Local not-for-profit organisation, Social Support Foundation has partnered the International Labour Organisation (ILO) to help address the issues of child labour in mining communities in Ghana.
Apart from cocoa farming, the artisanal and small scale mining sector has also been as encouraging more children in highly injurious work.
The two parties are working on a project called, Caring Gold Mining Project, which is under the pilot phase in four communities in two districts in the country.
As a pilot, the project is being run in Adansi Adumanu and Abadwam within the Adansi North District of the Ashanti Region and Mohyekrom and Serwam in the Aowin district of the Western Region.
The project seeks to empower the community and citizens, build their capacity so that they will be able to identify these child labour issues within themselves.
It expected to instinctively compel them to withdraw these children from engaging in the act and send them to the available social services that are within the districts.
To achieve this, the Social Support Foundation and its partners have managed to train and form what they call the Community Child Protection Committees within the project areas.
These committees are made up of community leaders, unit committee members, assembly members, teachers, whose objective as part of the project, is to help the community to identify, monitor and provide surveillance on child labour related issues within the sector.
The stakeholder engagement
Social Support Foundation has been meeting with key stakeholders within the artisanal sector and small scale gold mining sector and dealing with child labour related issues.
Mining companies, Miners associations, district assembly, representations from Aowin, some teachers, community representatives, some businesses, some teachers, and traditional leaders were all represented.
Speaking at a stakeholders' seminar at Obuasi, Executive Director of Social Support Foundation (SSF), Louis Acheampong, reiterated the need for government to enforce child welfare and social protection laws effectively.
He wants institutions charged with the protection of children’s rights and welfare must be provided with adequate logistics and resources to enable them to discharge their duties efficiently.
Poor parenting and neglect, poverty in mining communities and ignorance among parents, took a centre stage of the discussions, which were said to be factors that pushed children into mining activities.
Mr Acheampong explained that the dialogue meeting which focuses on how to collaborate to create linkages to support the communities with the available social services within the assembly and districts.
He says it the measure is important to sustain it beyond its project timelines and identify the collaborative factors or the institutions that are available and providing different services so that they link up to manage the situation.
“So that it will serve as a sustainable factor to extend and sustain the project even after the funding component has ended.
Which means the community and district ownership will take control of the issues of concern and the needs of the community in addressing the child labour issues.”
Intervention
The Caring Gold Mining Project is in a pilot phase looking at how the targeted communities can be supported to build their capacities.
The success of the project is intended to be replicated across the country and that is why Social Support Foundation is working closely with the social services support sub-committee of the assemblies.
But we are hoping that the assemblies take it up and expand it to cover most of the communities within the assembly.
“We are working with them so that they as a mandatory institution with the assemblies will take the plans and outcomes of these interventions and carry it through for the benefit of the broader district”.
Anthony Appiah, with the Child Protection Committee in Adumanu in the Adansi North District of the Ashanti Region, explains that the project has had a great impact on the people there.
He adds that the project first sensitized the people that their children must be prevented from working in the mining areas at a tender age at the expense of their education.
“it is highly injurious to their health.

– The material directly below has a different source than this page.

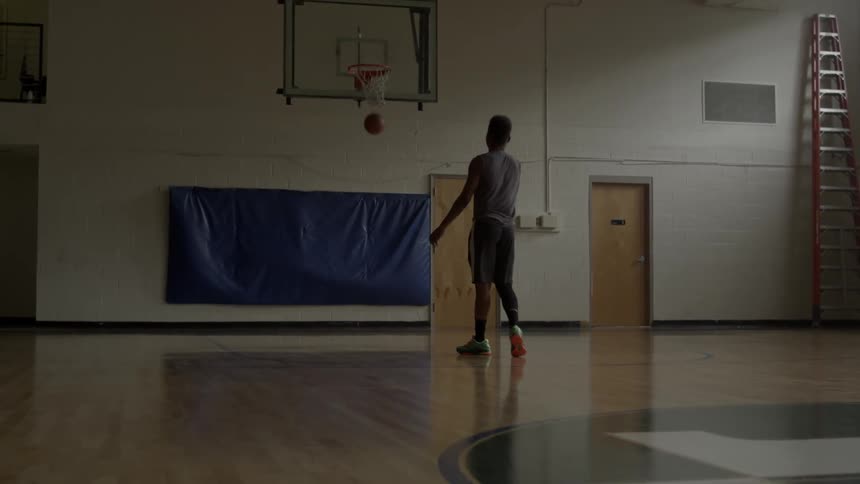 A basketball player is sinking a free throw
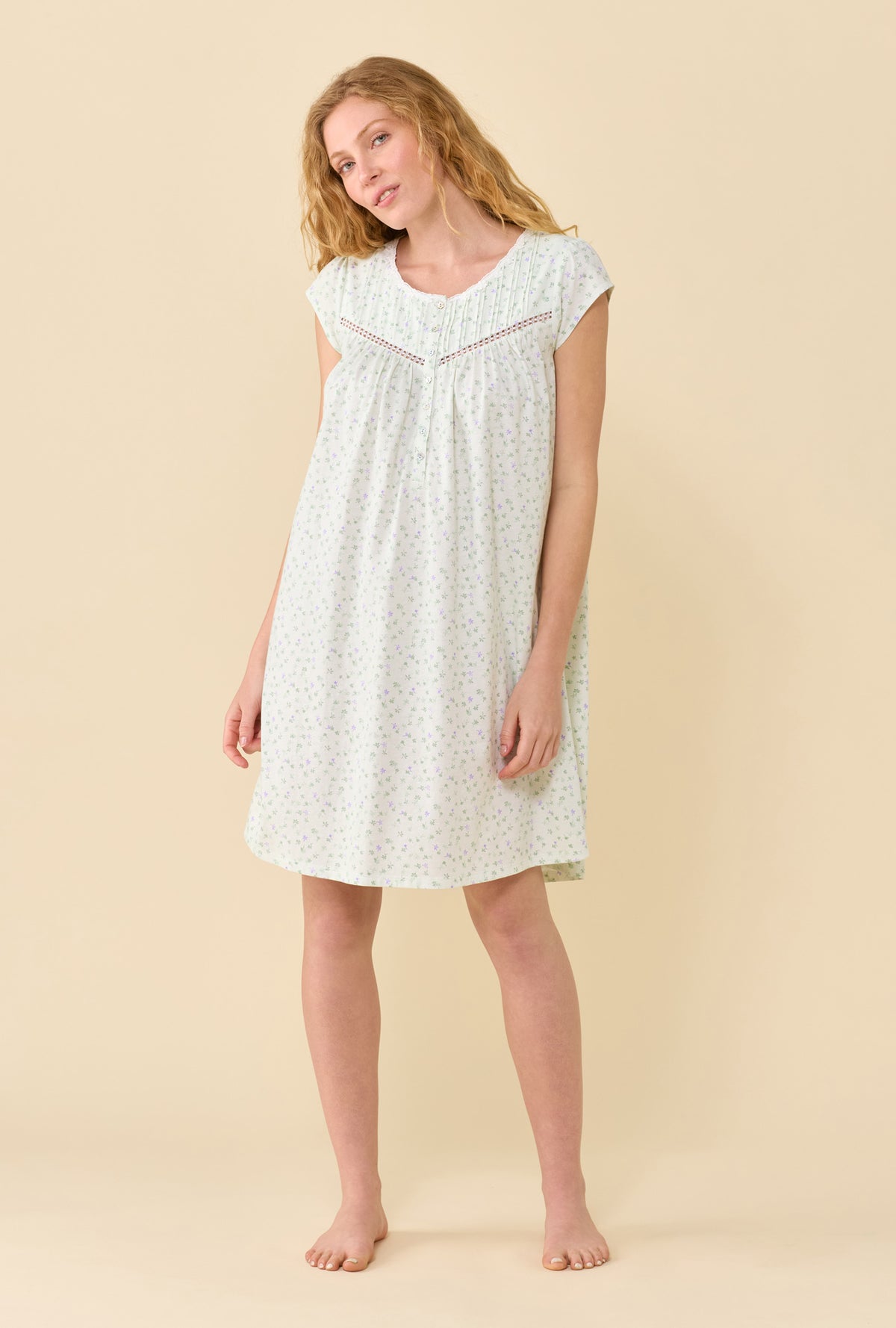 A Lady Wearing Sage Posy Chemise in a front view pose while head tilted gently to her right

So we have trained parents and sensitized them to take away their children from the mining so now when you go to the galamsey (small scale illegal mining) sites, you hardly see children there.
Now we can count some of the children taken from the galamsey sites now entering schools and continuing their education”.
The project also seeks to tackle the poverty level of the parents because of that, the Business Advisory Centre (BAC) came in to give support, teach them, and guide people to build their capacity on how to work and make money and how to retain the money they earn, love their children and protect them.
Assembly’s Effort to Replicate Project Gains
Meanwhile, the District Chief Executive, Eric Kusi says bye-laws have been put in place in the bid to sustain the gains being chalked from the project.
“We have put some bye-laws to address the menace. If you are a parent and you fail to control your ward and a child who is supposed to be in school is found on galamsey site, you the parent can go to three months imprisonment”, he revealed.
He says the assembly is, therefore, putting in plans to replicate the gains from the Caring Child Mining Project to other communities in the district.
One of the head teachers present, Frederick Zotor, explained that because of the intervention, parents are now helping the teachers by encouraging their children to school.
“Now because of the intervention, the parents are helping the teachers. And the community too is helping because when they find a child less than 18 years on galamsey site they arrest them and bring them to school.
Habitual absenteeism and school dropouts, about 90 per cent of them are now back in school. A few sneak and go to mine but it is mostly during the weekend and that is what we are working on”, he added.